Apeteceu-me dizer que aqui, na nossa aldeia, ninguém migra senão para dentro da terra. Limitei-me a esclarecer que o que ali mais abundava eram aves que vinham de longe para nos visitar.

Risquei as nuvens com o meu dedo indicador e afirmei: “Os pássaros internacionais gostam muito deste nosso céu.”

– Não há aves internacionais – corrigiu o cientista. E repetiu que o que lhe interessava eram as aves europeias que atravessam o Mediterrâneo.

Aquilo, sinceramente, entristeceu-me.

Porquê aquela discriminação? Os pássaros não se distinguem pela origem. Uns são bons de comer. Outros têm ossos, penas e pouco mais. Mas não deixei que os meus sentimentos viessem à superfície. Sou um mineiro, há muito que me enterro dentro de mim. Com convicção, anunciei que as aves europeias eram as nossas preferidas.

Não lhes disse que as minas, com seus ruidosos fumos, há muito tinham afugentado toda a passarada da nossa região. Como dizia o meu avô, são os pássaros que fabricam o céu. E o nosso céu deixara de existir.

O cientista estendeu sobre a mesa um cartaz com imagens de pássaros. Eram fotografias a cores, e os bichos estavam todos bonitos e sorridentes.
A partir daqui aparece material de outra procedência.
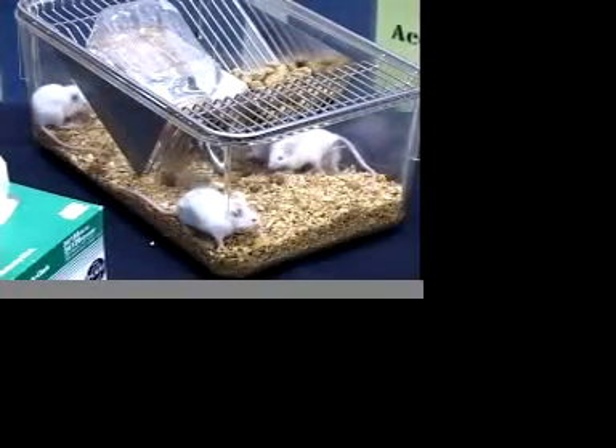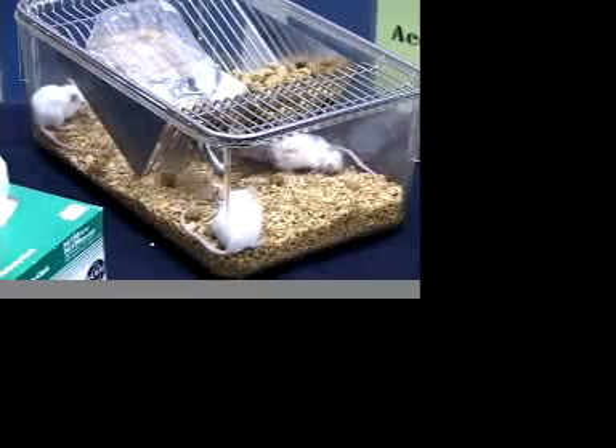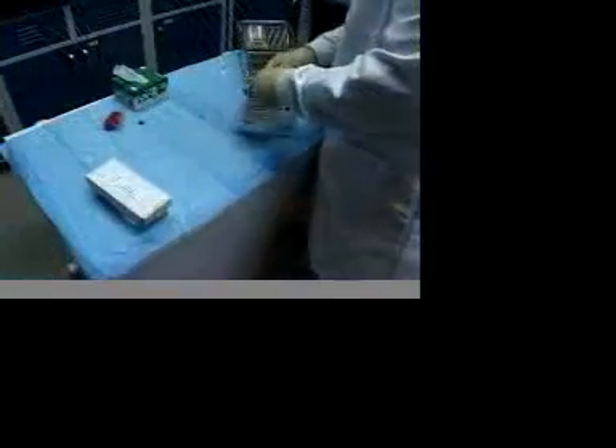The Goldenrod Animal Lancet from Medipoint has many advantages over other bleeding methods for mice. No anesthesia, surgical procedures, or restraint apparatus is required.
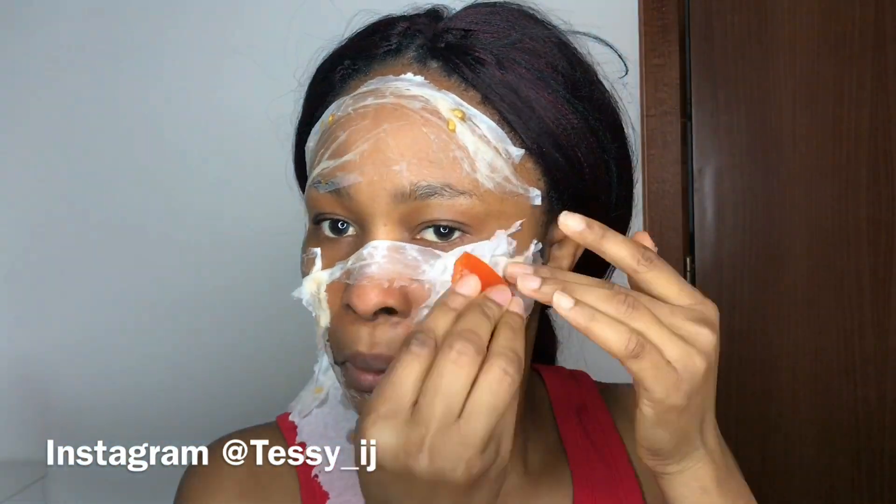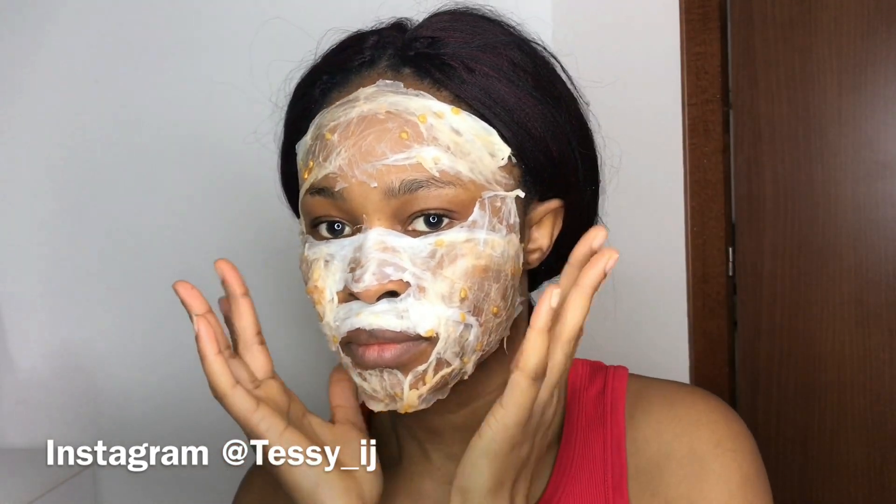Just go ahead and place the servet all over your face and allow it to dry. I'm just halfway done here, but I'll go off and finish the whole mask on my face and come back. I'm going to leave it until it's completely dry before I remove it.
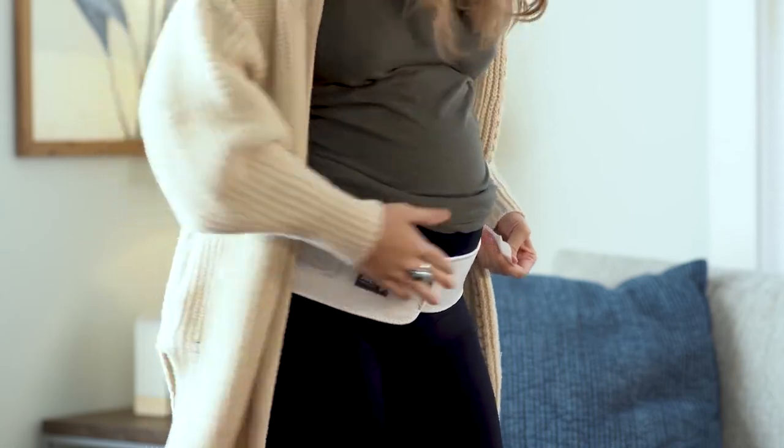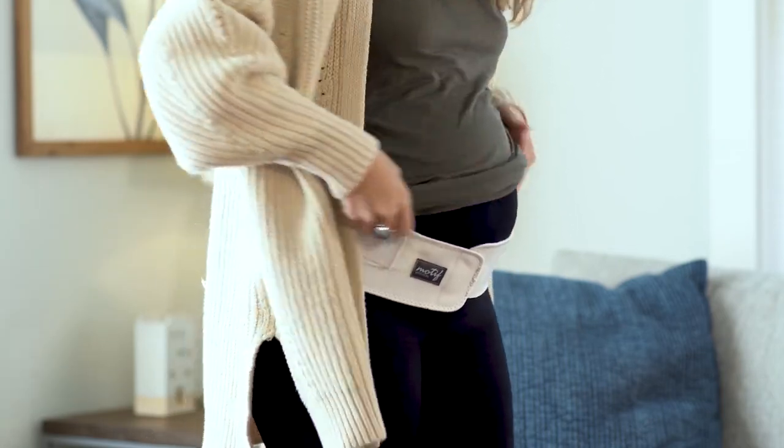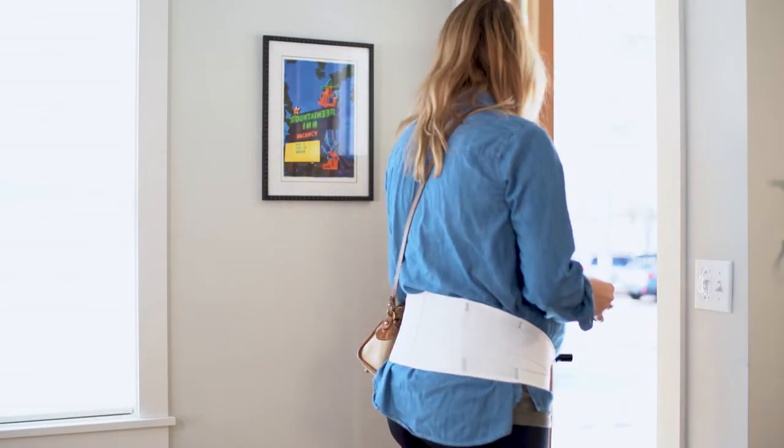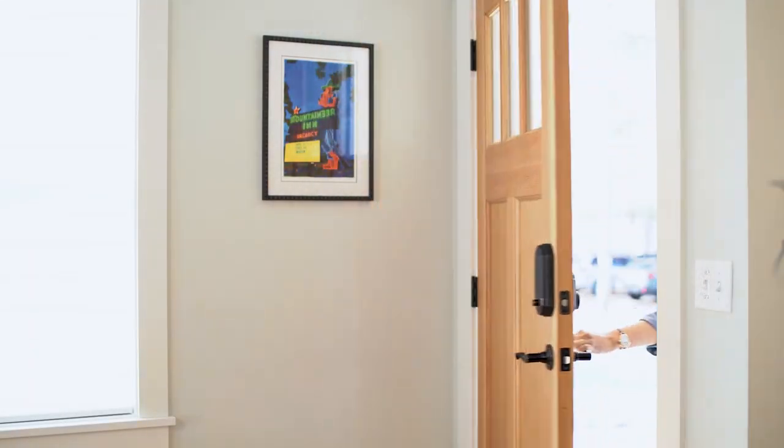Choose your desired support, compression, and fit by simply adjusting the side tension straps. That's it! You're now ready to wear the band underneath your clothing or over your clothing.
A mim nunca ninguém me tinha fotografado com toda aquela vaidade.

O estrangeiro pediu que, daqueles bichos lustrosos, eu identificasse os que por ali apareciam. Todos, disse eu. O cientista sorriu e fixou o olhar na capulana que eu trazia sobre os ombros para disfarçar o meu defeito físico. Perguntou-me se eu era um chefe tradicional. E explicou que “a luta pela biodiversidade se deve apoiar nas chefias tradicionais”. Não entendi o que ele dizia, mas declarei-me logo um chefe muitíssimo tradicional.

O europeu perguntou-me se, como líder comunitário, eu dirigia cerimónias religiosas africanas. Mais uma vez menti: que a minha especialidade era propiciar a chegada de aves de migração, fossem elas magras ou carnudas. Era uma espécie de serviço de encomendas junto das nossas divindades. Talvez este tenha sido o meu maior pecado, senhor padre, porque não disse aos europeus que venerávamos o mesmo Deus dos católicos, esse Deus que escolheu a Humanidade para erguer torres e fiscalizar as aves que andam vagabundeando pelo planeta.

Hoje sou uma sentinela que vigia os céus, sentado no topo da torre. Essa função dá-me um grande orgulho.

Há, porém, um segredo que apenas a si, senhor padre, posso confessar. De tanto ter trabalhado nas minas não sei enxergar senão no escuro. Há uma poeira fina que me cobre por dentro, antecipando a cova do meu enterro.

Essa espécie de cegueira impede-me de executar a missão que me foi incumbida. O que faço é inventar pássaros. Assinalo a sua falsa presença no formulário que os cientistas todos os dias colocam nestas minhas mãos que nunca mais deixarão de estar sujas de carvão.

A minha mulher avisa-me de que não tarda que me expulsem do emprego. Não me importo, porque um dia destes vi chegar uma criatura que não podia ser senão um anjo. Pousou na torre do observatório, estava encharcado e cheio de frio. Pediu-me que o abraçasse. Tive medo. Não se abraça um anjo migratório sem cerimónia e sem os necessários cuidados higiénicos. Mas ele insistiu, os olhos cansados e os braços tremendo de frio. Estreitei o meu corpo contra o dele. Aos poucos, fui-me sentindo aquecido e o meu olhar ficou, como posso dizer, mais limpo. Esse anjo, agora, visita-me todos os dias.

Com o devido respeito, posso dizer que somos amigos.

Não preciso de rezar para que ele compareça. Saudamo-nos com um abraço e falamos de terras inundadas de gente e de luz, onde os homens não morrem com o peito cheio de terra. Esse observatório é agora a minha igreja. Talvez o padre venha a rezar missa nessa torre. O senhor poderá não ver nunca nenhum pássaro, mas vai ser visitado por eles. Os cientistas não sabem, mas este observatório foi construído por aves. Elas não querem deixar de nos visitar, mesmo que voem apenas dentro de nós. Desse modo, voltamos também nós, humanos, a ver-nos a nós mesmos.

Não se engane, senhor padre: o senhor também trabalha nos subterrâneos. Aliás, não há neste mundo trabalho que não seja de mineiro, seja ele executado por cima ou por baixo da terra. Arrancamos pedaços do mundo e, nesse vazio escuro, vamos deixando de nos ver uns aos outros. Só sabemos que estamos juntos quando um desastre faz desabar o teto da mina.